History

Nazi Germany
- Name: U-357
- Ordered: 26 October 1939
- Builder: Flensburger Schiffbau-Gesellschaft, Flensburg
- Yard number: 476
- Laid down: 19 May 1940
- Launched: 31 March 1942
- Commissioned: 18 June 1942
- Fate: Sunk on 26 December 1942

General characteristics
- Class & type: Type VIIC submarine
- Displacement: 769 tonnes (757 long tons) surfaced; 871 t (857 long tons) submerged;
- Length: 67.10 m (220 ft 2 in) o/a; 50.50 m (165 ft 8 in) pressure hull;
- Beam: 6.20 m (20 ft 4 in) o/a; 4.70 m (15 ft 5 in) pressure hull;
- Height: 9.60 m (31 ft 6 in)
- Draught: 4.74 m (15 ft 7 in)
- Installed power: 2,800–3,200 PS (2,100–2,400 kW; 2,800–3,200 bhp) (diesels); 750 PS (550 kW; 740 shp) (electric);
- Propulsion: 2 shafts; 2 × diesel engines; 2 × electric motors;
- Speed: 17.7 knots (32.8 km/h; 20.4 mph) surfaced; 7.6 knots (14.1 km/h; 8.7 mph) submerged;
- Range: 8,500 nmi (15,700 km; 9,800 mi) at 10 knots (19 km/h; 12 mph) surfaced; 80 nmi (150 km; 92 mi) at 4 knots (7.4 km/h; 4.6 mph) submerged;
- Test depth: 230 m (750 ft); Crush depth: 250–295 m (820–968 ft);
- Complement: 4 officers, 40–56 enlisted
- Armament: 5 × 53.3 cm (21 in) torpedo tubes (four bow, one stern); 14 × torpedoes or 26 TMA mines; 1 × 8.8 cm (3.46 in) deck gun (220 rounds); 1 x 2 cm (0.79 in) C/30 AA gun;

Service record
- Part of: 8th U-boat Flotilla; 18 June – 30 November 1942; 6th U-boat Flotilla; 1 – 26 December 1942;
- Identification codes: M 06 392
- Commanders: Kptlt.

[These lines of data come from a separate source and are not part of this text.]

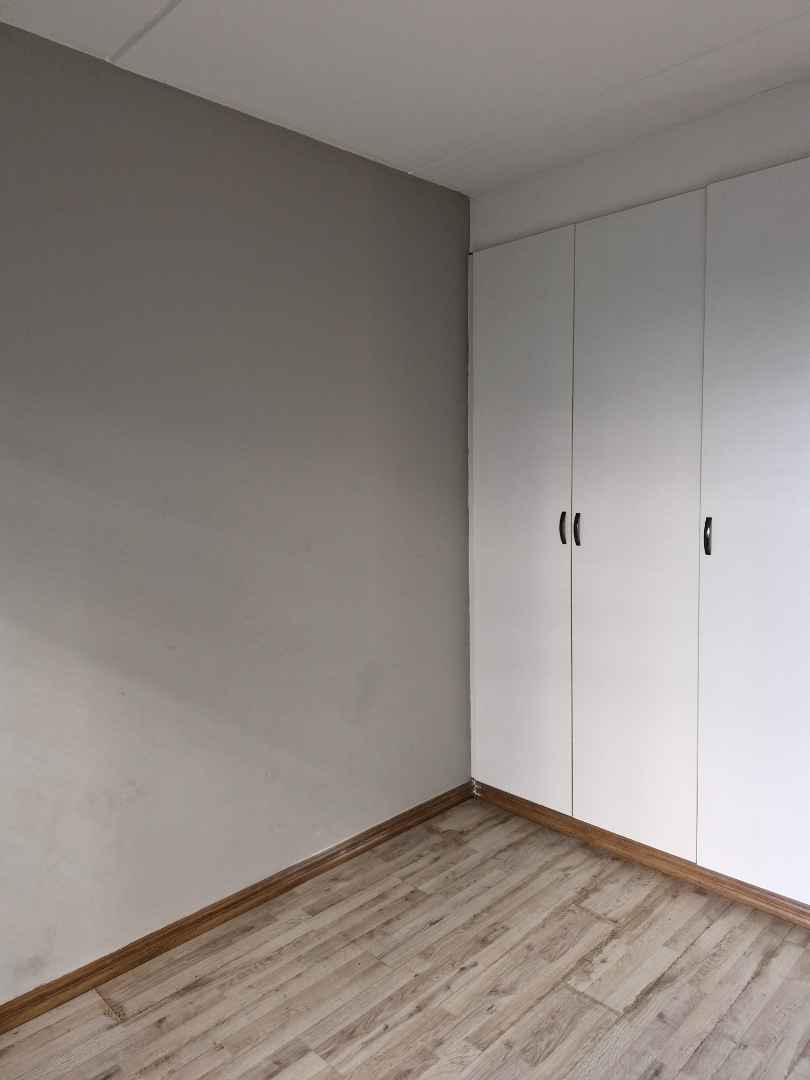 2 Bedroom Property for Sale in Bardene Gauteng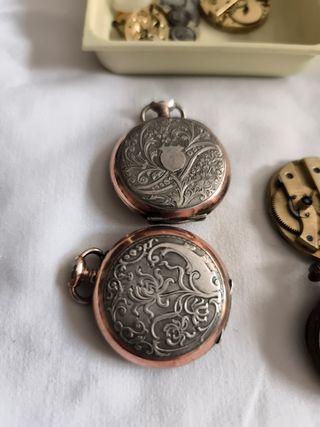 Relojes de bolsillo antiguos,dos cajas de plata
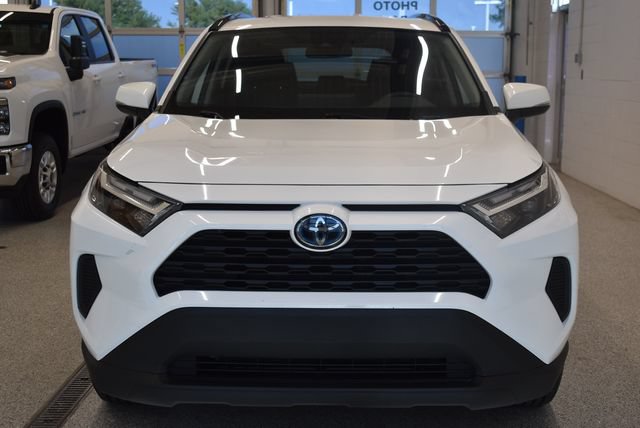 Used 2024 Toyota RAV4 LE AWD/4WD image 3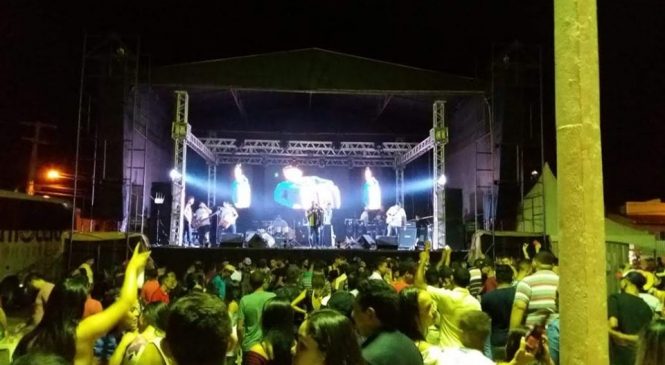 Festa em praça pública encerrou as festividades dos 56 anos do município de João Dias/RN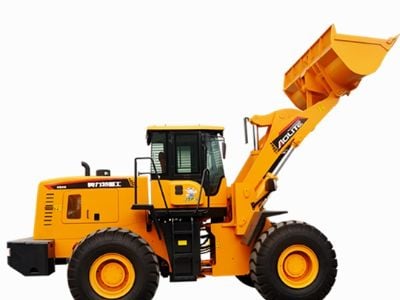 Skid Steers Improve Agility in Tight and Challenging Workspaces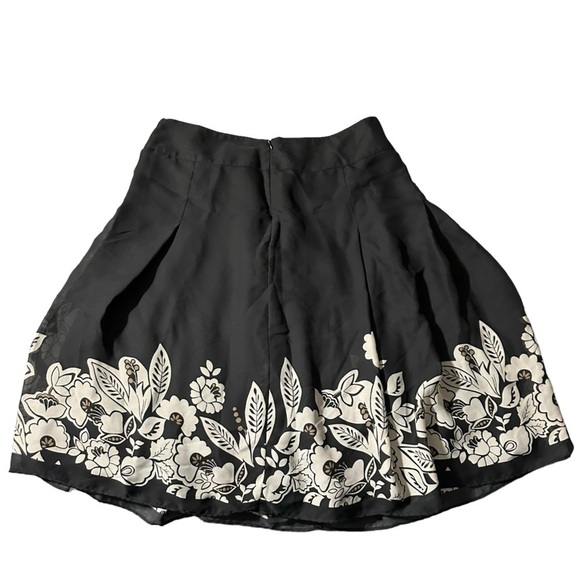 Geoffrey Beene Sport women's size 10 black floral twirly skirt - Picture 2 of 5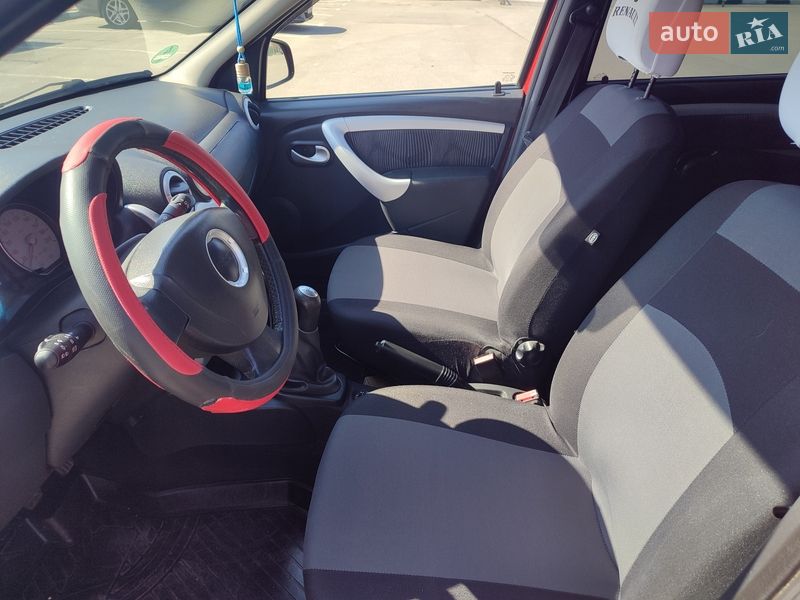 Универсал Dacia Logan MCV 2011 в Долинской фото 10 Универсал Dacia Logan MCV 2011 в Долинской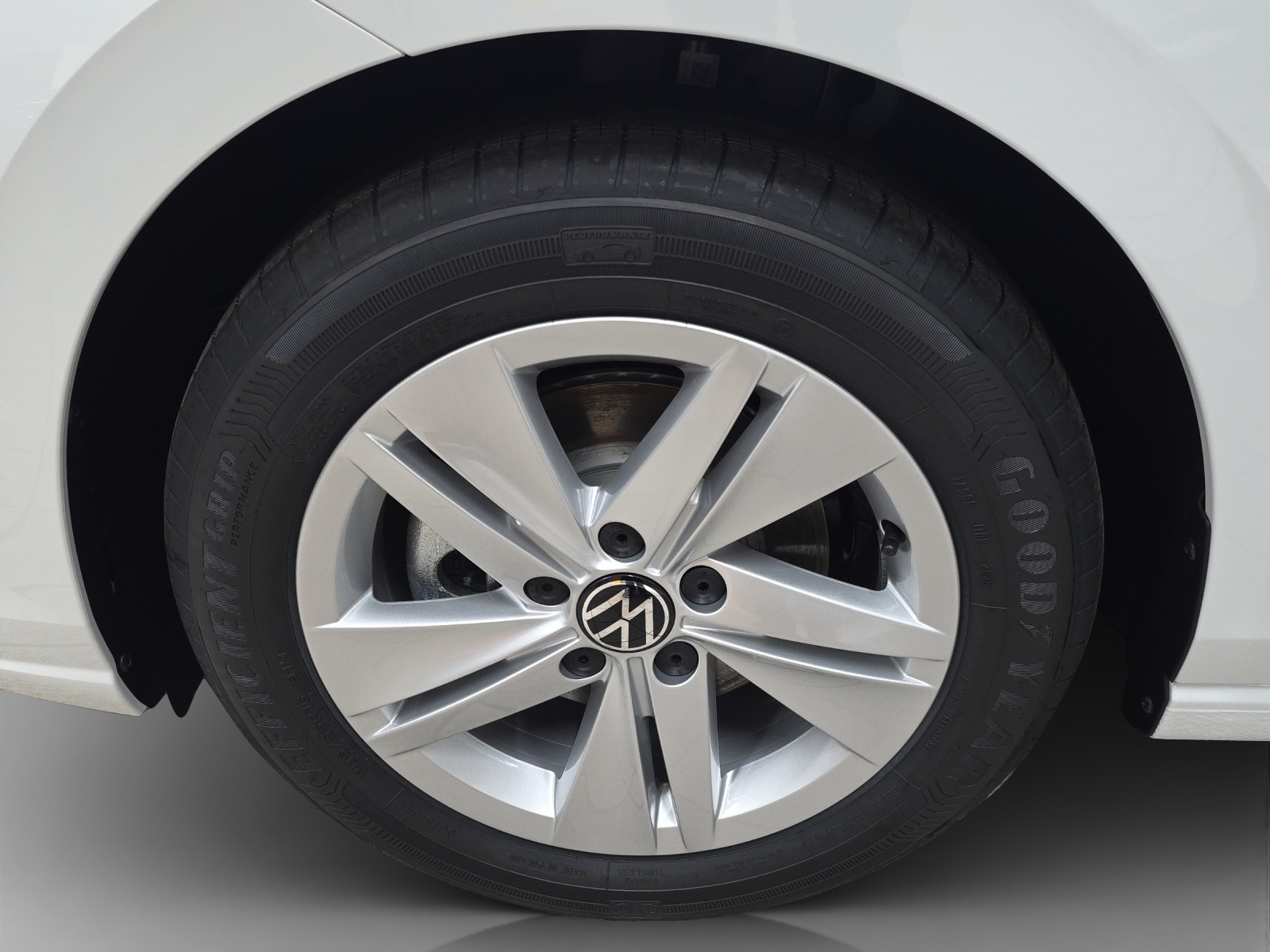 VW Golf 1.5 e TSI mHEV Value DSG-image-13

Adolf Kellner; 18 June – 26 December 1942;
- Operations: 1 patrol:; 15 – 26 December 1942;
- Victories: None

= German submarine U-357 =

German World War II submarine

German submarine U-357 was a Type VIIC U-boat of Nazi Germany's Kriegsmarine during World War II and was sunk by British warships northwest of Ireland on 26 December 1942 on her first operational patrol.

==Design==
German Type VIIC submarines were preceded by the shorter Type VIIB submarines. U-357 had a displacement of 769 t when at the surface and 871 t while submerged. She had a total length of 67.10 m, a pressure hull length of 50.50 m, a beam of 6.20 m, a height of 9.60 m, and a draught of 4.74 m. The submarine was powered by two Germaniawerft F46 four-stroke, six-cylinder supercharged diesel engines producing a total of 2800 to 3200 PS for use while surfaced, two AEG GU 460/8-276 double-acting electric motors producing a total of 750 PS for use while submerged. She had two shafts and two 1.23 m propellers. The boat was capable of operating at depths of up to 230 m.

The submarine had a maximum surface speed of 17.7 kn and a maximum submerged speed of 7.6 kn. When submerged, the boat could operate for 80 nmi at 4 kn; when surfaced, she could travel 8500 nmi at 10 kn. U-357 was fitted with five 53.3 cm torpedo tubes (four fitted at the bow and one at the stern), fourteen torpedoes, one 8.8 cm SK C/35 naval gun, 220 rounds, and a 2 cm C/30 anti-aircraft gun. The boat had a complement of between forty-four and sixty.

==Service history==
The submarine was laid down on 19 May 1940 at the Flensburger Schiffbau-Gesellschaft yard at Flensburg as yard number 476, launched on 31 March 1942 and commissioned on 18 June under the command of Kapitänleutnant Adolf Kellner.

She served with the 8th U-boat Flotilla from 18 June 1942 and the 6th flotilla from 1 December.

===Fate===
U-357 was sunk by depth charges dropped from the British destroyers and on 26 December 1942 northwest of Ireland.

36 men died; six survived.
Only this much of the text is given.